======== EXTRACTED DATA

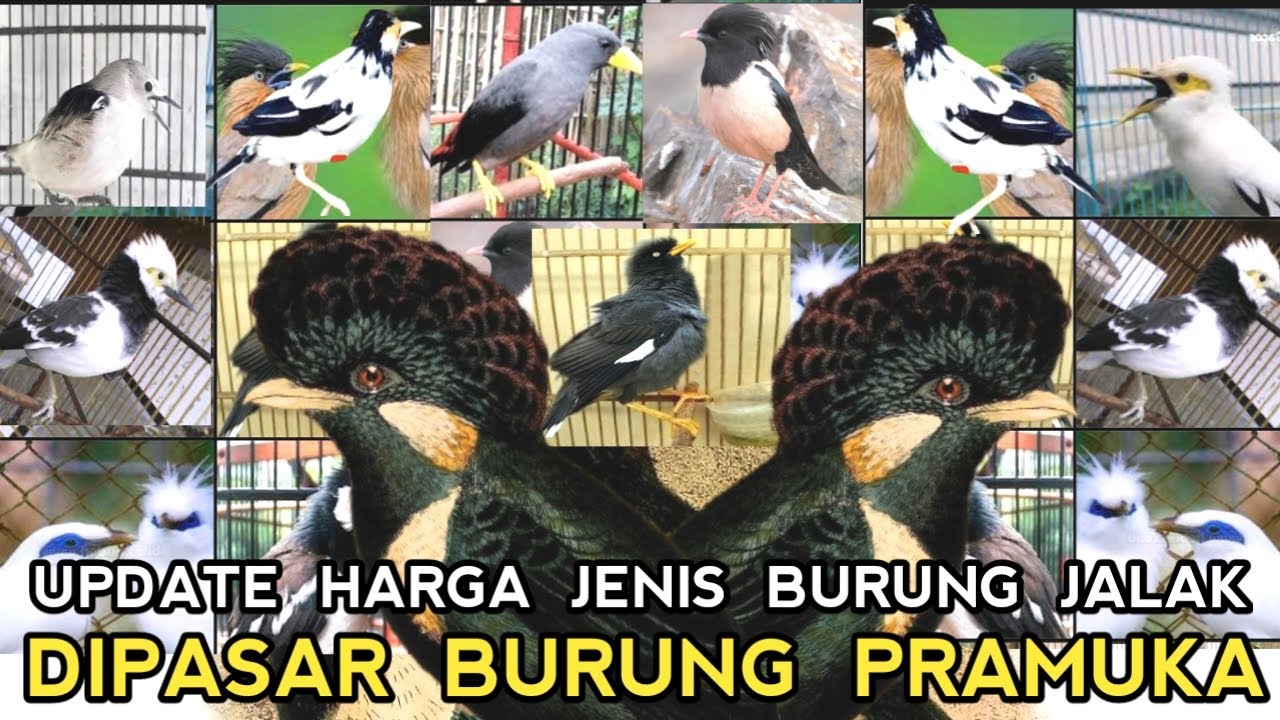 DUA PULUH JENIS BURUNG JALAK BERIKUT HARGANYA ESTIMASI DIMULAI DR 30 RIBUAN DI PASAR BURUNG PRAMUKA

================
======== EXTRACTED DATA

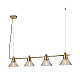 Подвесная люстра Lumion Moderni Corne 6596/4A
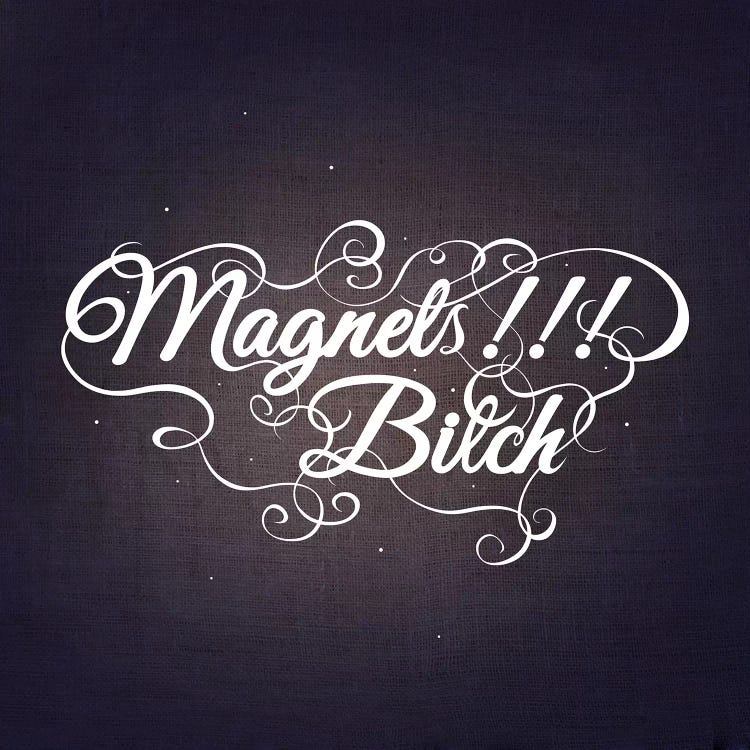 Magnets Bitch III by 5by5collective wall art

================
======== EXTRACTED DATA

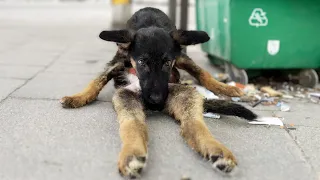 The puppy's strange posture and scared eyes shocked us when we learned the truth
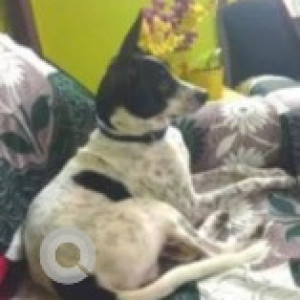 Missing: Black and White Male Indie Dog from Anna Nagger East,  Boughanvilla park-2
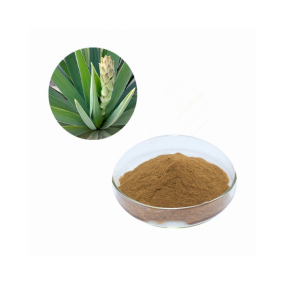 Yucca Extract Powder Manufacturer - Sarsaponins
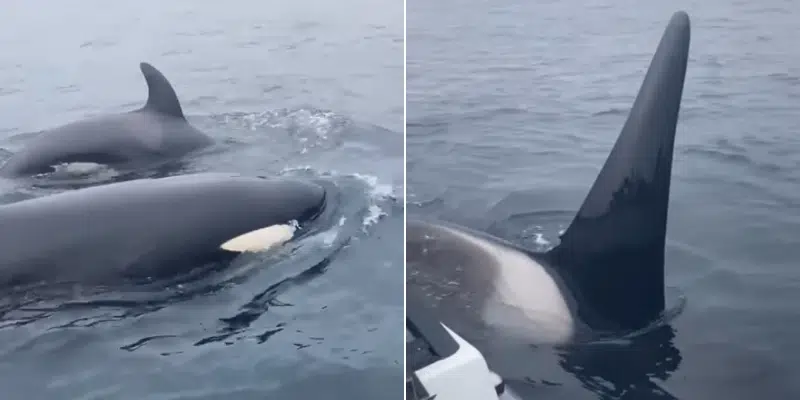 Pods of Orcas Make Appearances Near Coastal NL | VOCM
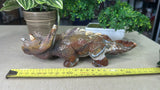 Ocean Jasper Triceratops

================

◆ AIM OF THE EXERCISE ◆
Reproduce exactly, with no pictures, the lines above from the one holding "Подвесная люстра Lumion" to the one holding "Magnets Bitch III by 5by5collective wall art", inclusive.

◆ TASK OUTPUT ◆
 Подвесная люстра Lumion Moderni Corne 6596/4A
 Magnets Bitch III by 5by5collective wall art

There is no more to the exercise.